Dextran concentrations were determined by HPLC (Waters Ltd, Watford, UK) using the same column as for hyaluronan, namely a size exclusion TosoHaas TSK G6000 PW_XL column (Anachem Ltd, Luton, UK). The column was calibrated with known concentrations of dextran, the absorbance of which was measured at 206 nm. The retention time of dextran 2000 in the exclusion column was considerably longer than that for rooster hyaluronan, despite their nearly identical molecular masses, indicating a substantial difference in average molecular volume (see Results).

Viscometric studies of molecular domain volume, radius R_g and critical concentration for molecular overlap

The relative viscosities (η_r) of dextran solutions over the range 1–10 mg ml⁻¹ were measured in an Ostwald viscometer at 23–26°C with Ringer solution as the reference fluid.
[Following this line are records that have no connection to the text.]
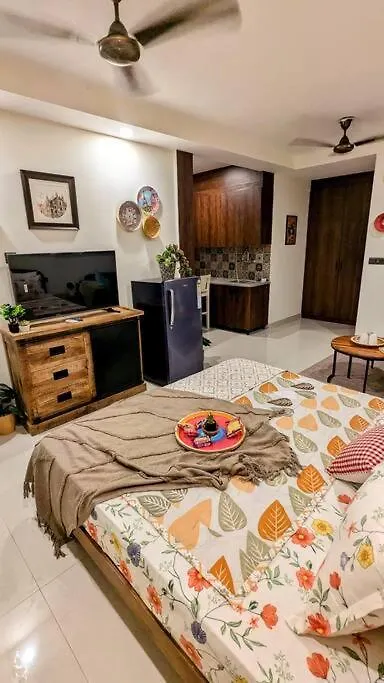Apartmán Canopy Haven - Terrace Living With Forest View Gurgáon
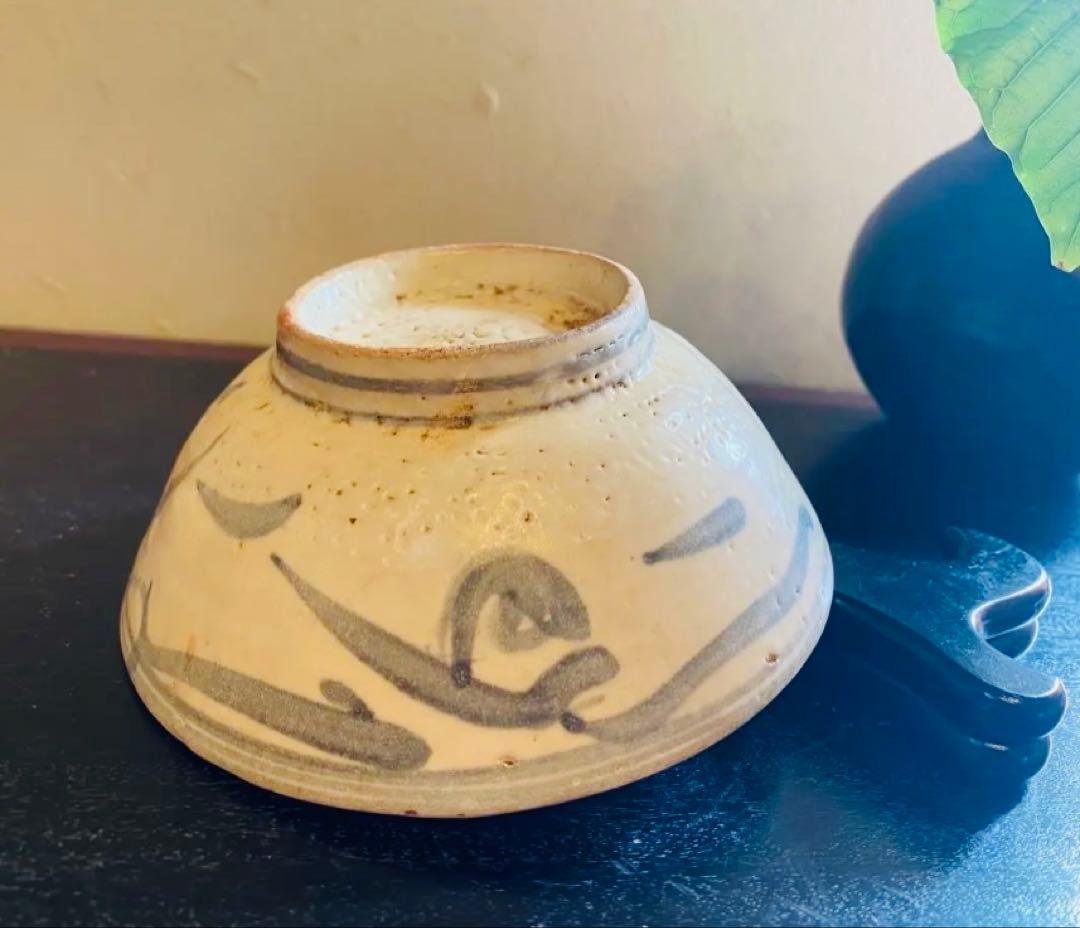 アンティーク・汕頭（スワトウ）染付草花文・小碗・唐木鑑賞スタンド付・２点セット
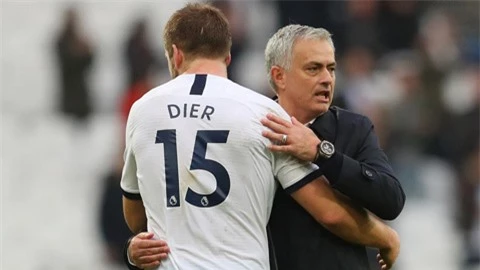 Trò cưng Dier bị treo giò 4 trận, Mourinho lại chửi xéo FA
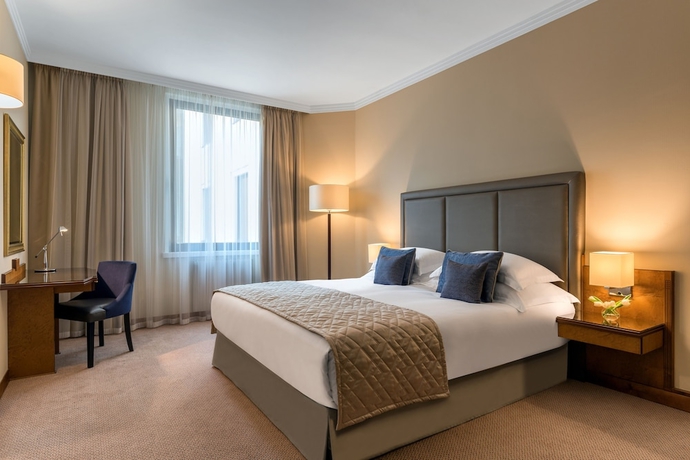 Imagen de la habitación del Hotel Corinthia St Petersburg. Foto 14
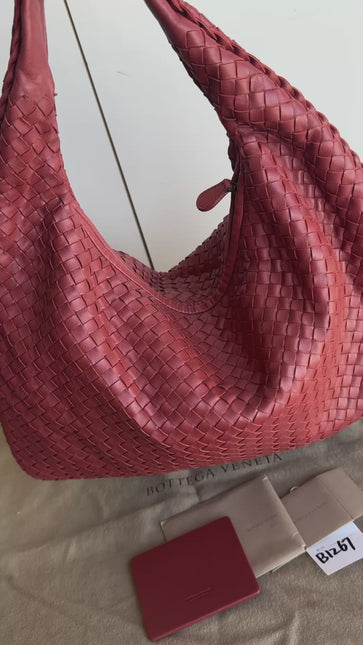 Sold Bottega Veneta Veneta Hobo Medium Brick Red Intrecciato Leather Bag 47cm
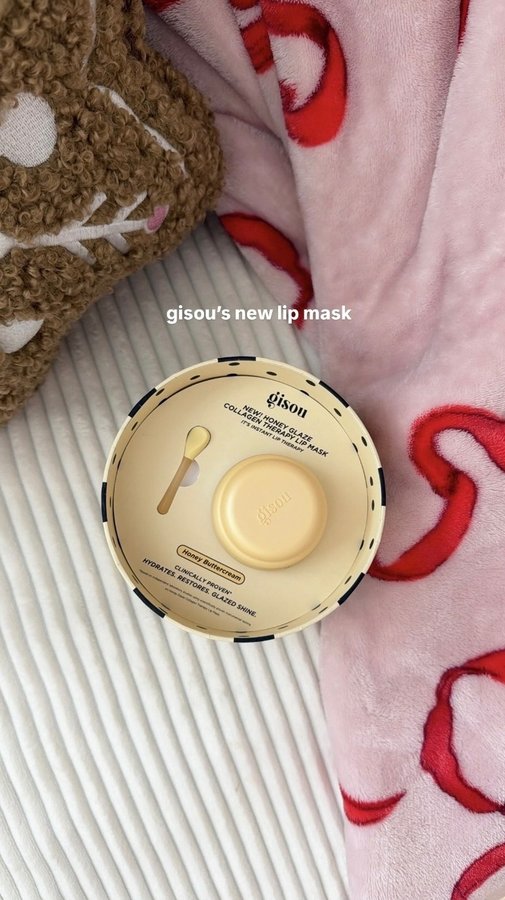 Instagram post by @sincerely.betty for Gisou. Caption reads: Oh hey @gisou 🤭🐝🍯⁣
⁣
Say hello to the Honey....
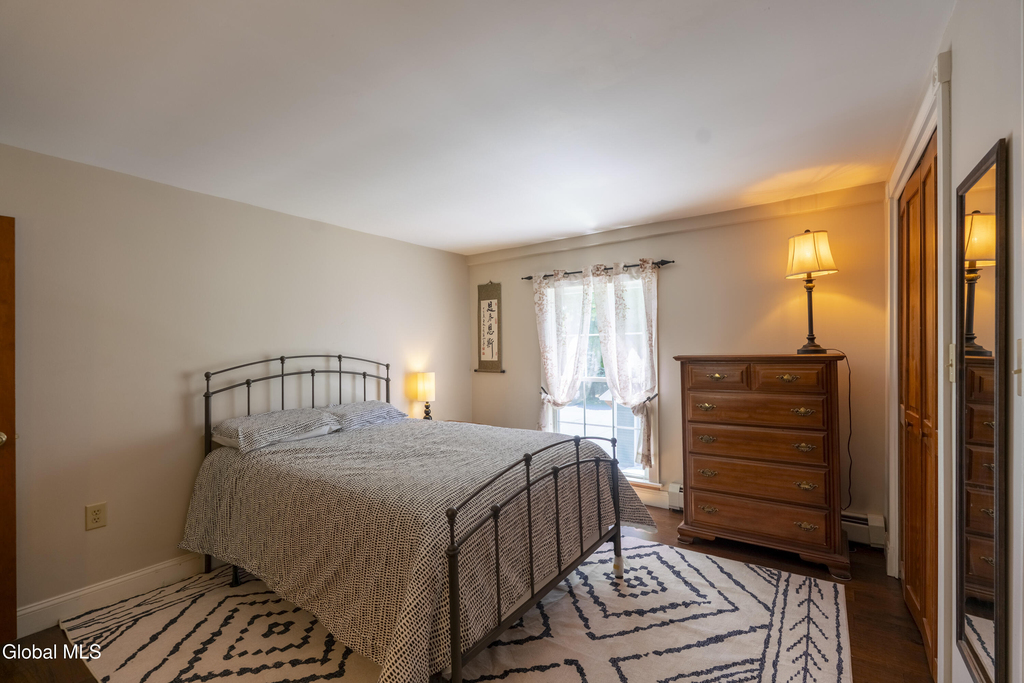569 N Broadway - Photo 20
Intrinsic viscosity [η] was determined by linear extrapolation of a plot of the logarithm of reduced viscosity, log ((η_r − 1)/C), versus concentration C to zero concentration. Intrinsic viscosity is the space occupied by a gram of solute at infinite dilution, and is thus a function of the average molecular domain volume (Flory, 1971; Boyd & Phillips, 1993).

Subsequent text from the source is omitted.